Records provided:
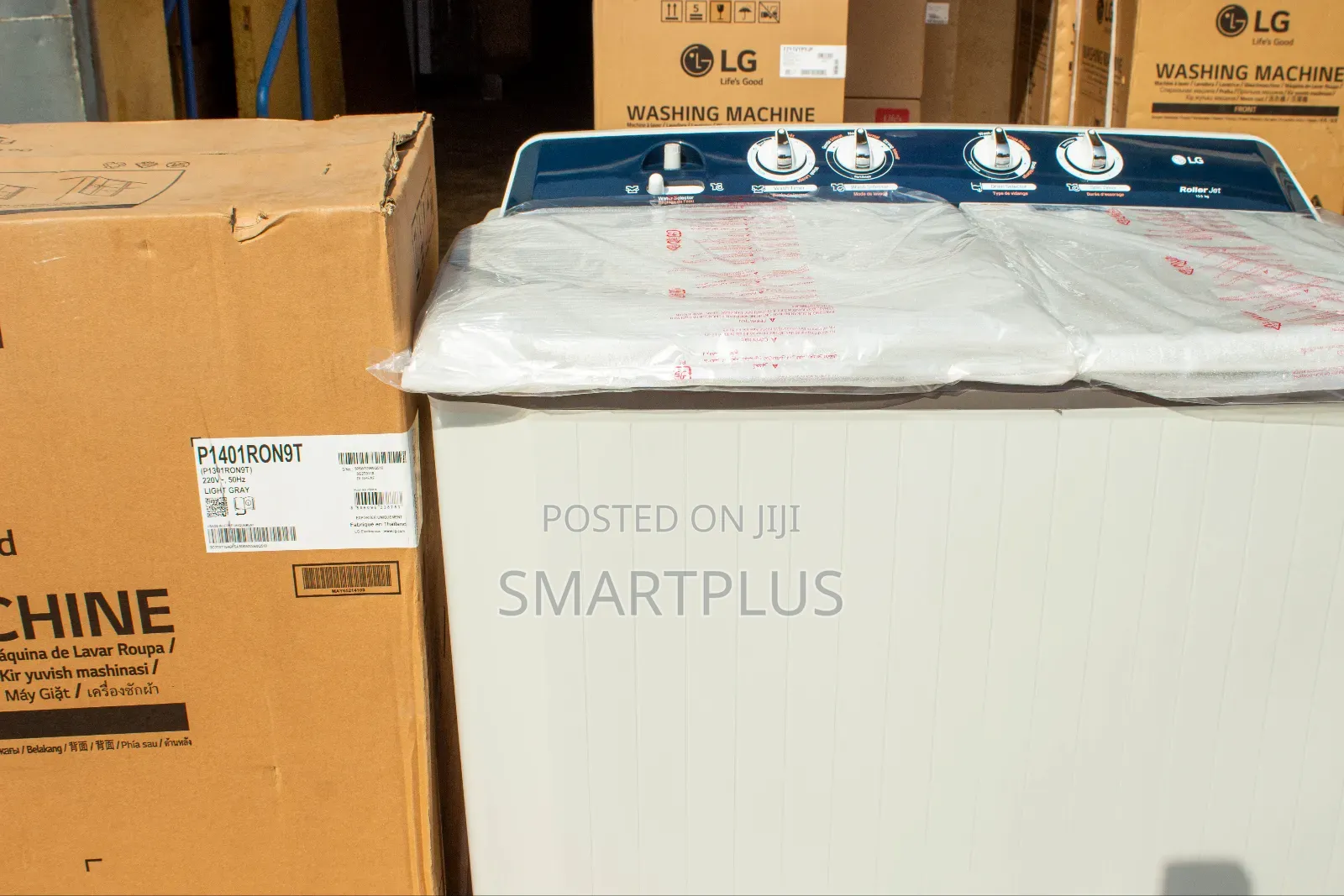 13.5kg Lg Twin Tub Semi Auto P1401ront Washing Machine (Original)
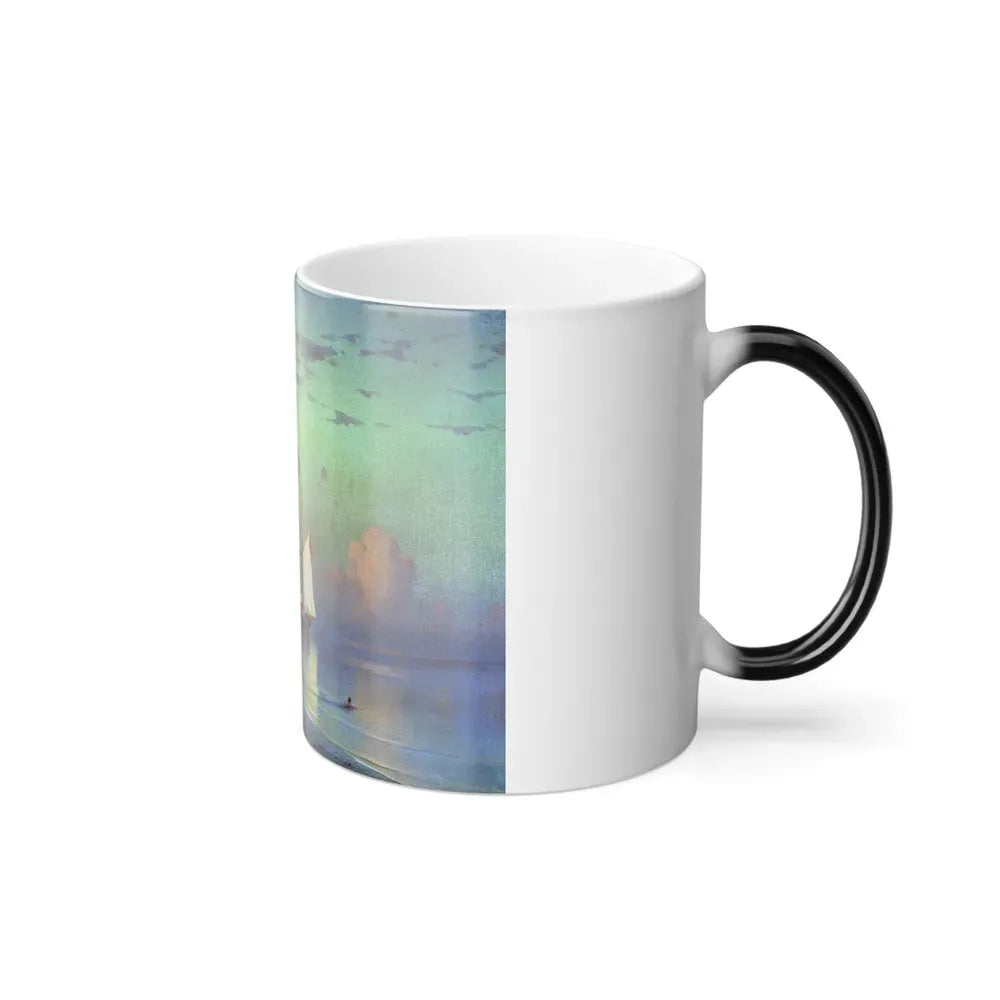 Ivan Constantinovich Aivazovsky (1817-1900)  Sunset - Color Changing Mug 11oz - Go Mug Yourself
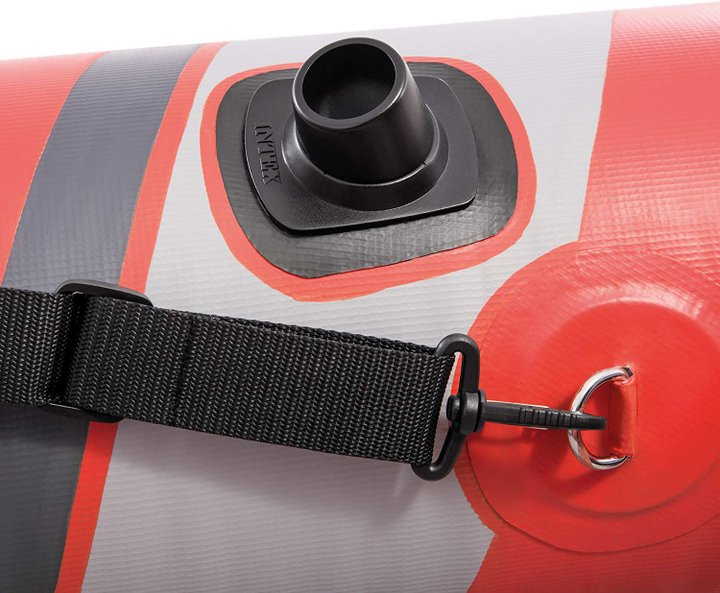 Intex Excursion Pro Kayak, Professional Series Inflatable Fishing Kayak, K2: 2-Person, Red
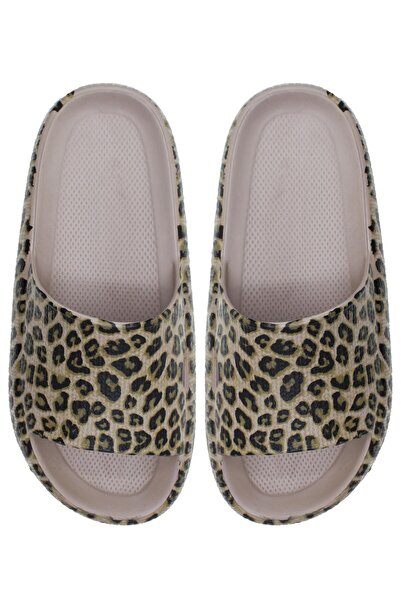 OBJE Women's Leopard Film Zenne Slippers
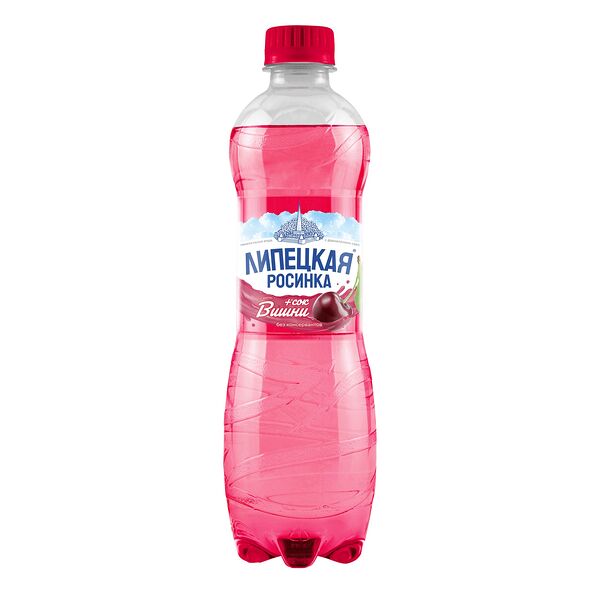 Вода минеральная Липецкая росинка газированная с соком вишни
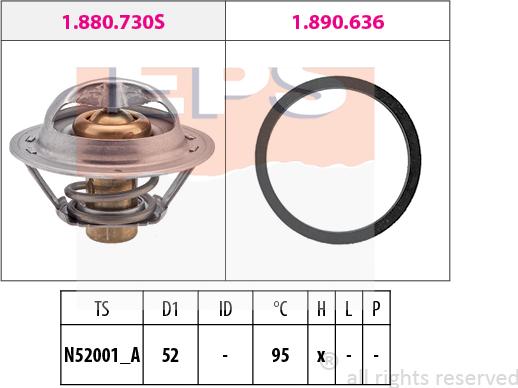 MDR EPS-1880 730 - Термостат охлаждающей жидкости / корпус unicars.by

Exercise: From the line containing "Вода минеральная Липецкая" through the last line of the records above, reproduce every line exactly, leaving out the pictures.

Exercise result:
 Вода минеральная Липецкая росинка газированная с соком вишни
 MDR EPS-1880 730 - Термостат охлаждающей жидкости / корпус unicars.by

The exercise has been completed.